Interprofessional competency objectives:

  1. Communication: model appropriate verbal and non-verbal communication; describe and apply culturally appropriate communication approaches;
  2. Team functioning: employ appropriate techniques to facilitate collaborative discussions and interactions among team members;
  3. Role clarification: describe the role of your profession and other professions in co-designing health; identify potential gaps in team membership; access others’ skills and knowledge appropriately through consultation - consult, seek advice, and confer with your health professional colleagues;
  4. Conflict resolution: establish a safe environment in which to express diverse viewpoints; develop a level of consensus among those with differing views;
  5. Patient/ client/ family/ community-centred care: support participation of patients/clients and their families, or community representatives as integral partners in care or service planning; listen respectfully to the expressed needs of all parties in shaping/delivering care/services; share information with patients/clients (or family and community) in a respectful manner and in such a way that is understandable, encourages discussion, and enhances participation in decision-making, ensuring that knowledge translation occurs at the level of the patient;
  6. Collaborative leadership: co-create a climate for shared leadership and collaborative practice among all participants; apply collaborative decision-making principles; work with others to enable best patient/client outcomes, identifying opportunities to improve team outcomes and contribute to making any changes that are needed.
Additional Notes:

NO PRE-EXISTING HEALTHCARE OR DESIGN EXPERIENCE IS REQUIRED.

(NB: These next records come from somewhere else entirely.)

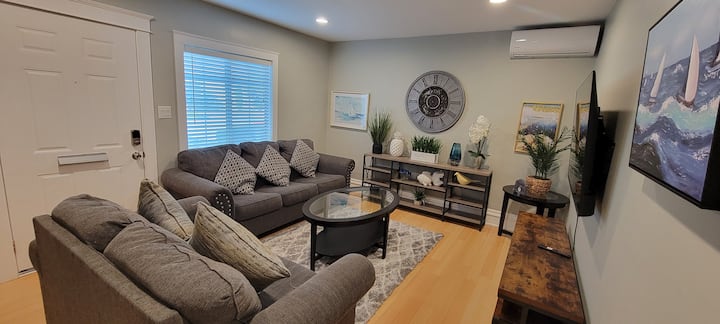 Entire Home 2 Bedrooms, 1 Bath, Parking Garage - Sierra Madre, CA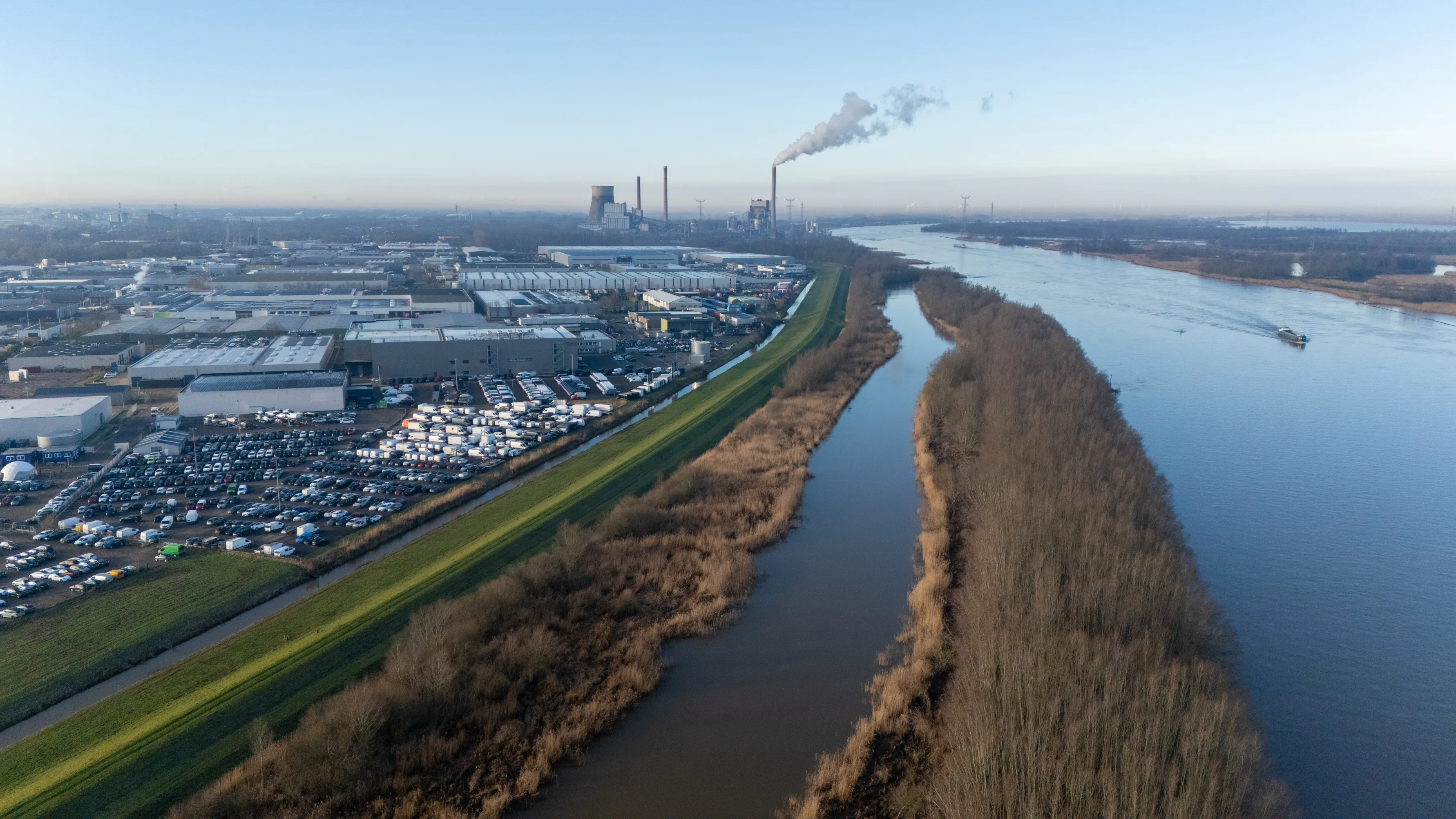 Dijktraject bij bedrijventerrein Dombosch in Raamsdonksveer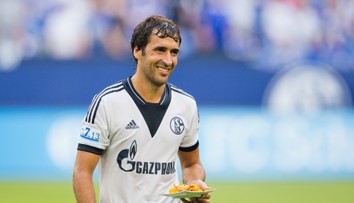 Schalke hledá cestu z krize. Na lavičku láká legendárního Raúla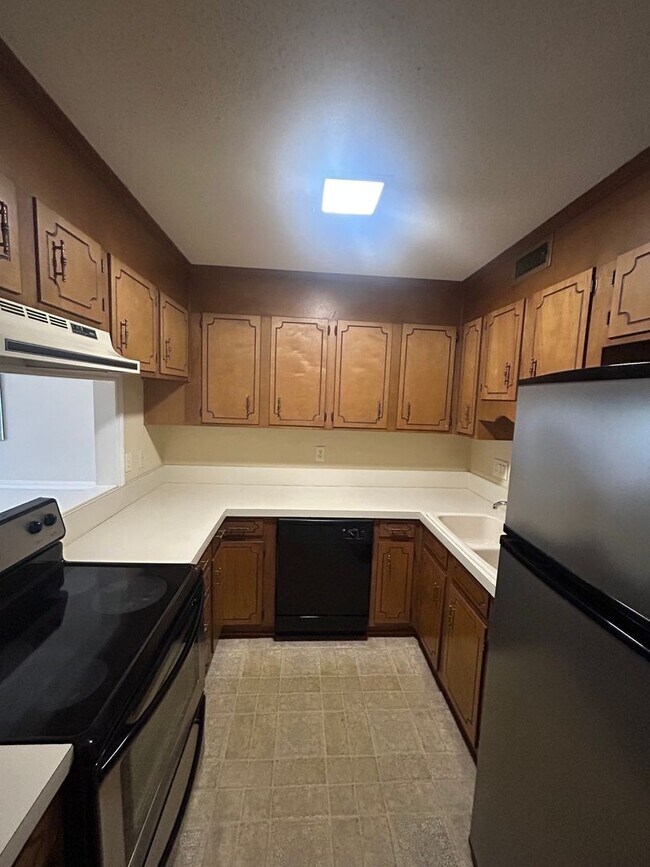 Building Photo - Convenient & Cozy 2BR Townhome Off Hwy 127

Offered as an AHHM elective (MED 517/527) beginning in 2020, this course builds off of previous educational offerings: “Designing for Health: A Collaborative Project with the Health Humanities and the Community” an interprofessional AHHM elective offered in collaboration with the Dept. of Art & Design (Faculty of Arts) in the Spring 2013 term; a subsequent successful pilot “Co-Designing Health INT D 411 course delivered in June 2018 as a collaboration of HSERC, Dept. of Art & Design, and AHHM; and as “Transforming Healthcare by Design” INT D 408/508 which took place in the 2020 Winter term. 

This elective, along with other AHHM electives, exists to support medical students in broadening their intellectual and clinical/ practice-based horizons, in particular with respect to the intersections that exist between the arts and humanities in relation to medicine.

Medical students can complete more than one 12-hour elective in Year 1 and 2.

This elective is OPEN to students from ALL health science programs, PLUS students from arts/design studies or other programs outside health sciences.

MAX - 20 students (4 teams of 5 students); MIN - 8 students (2 teams of 4 students).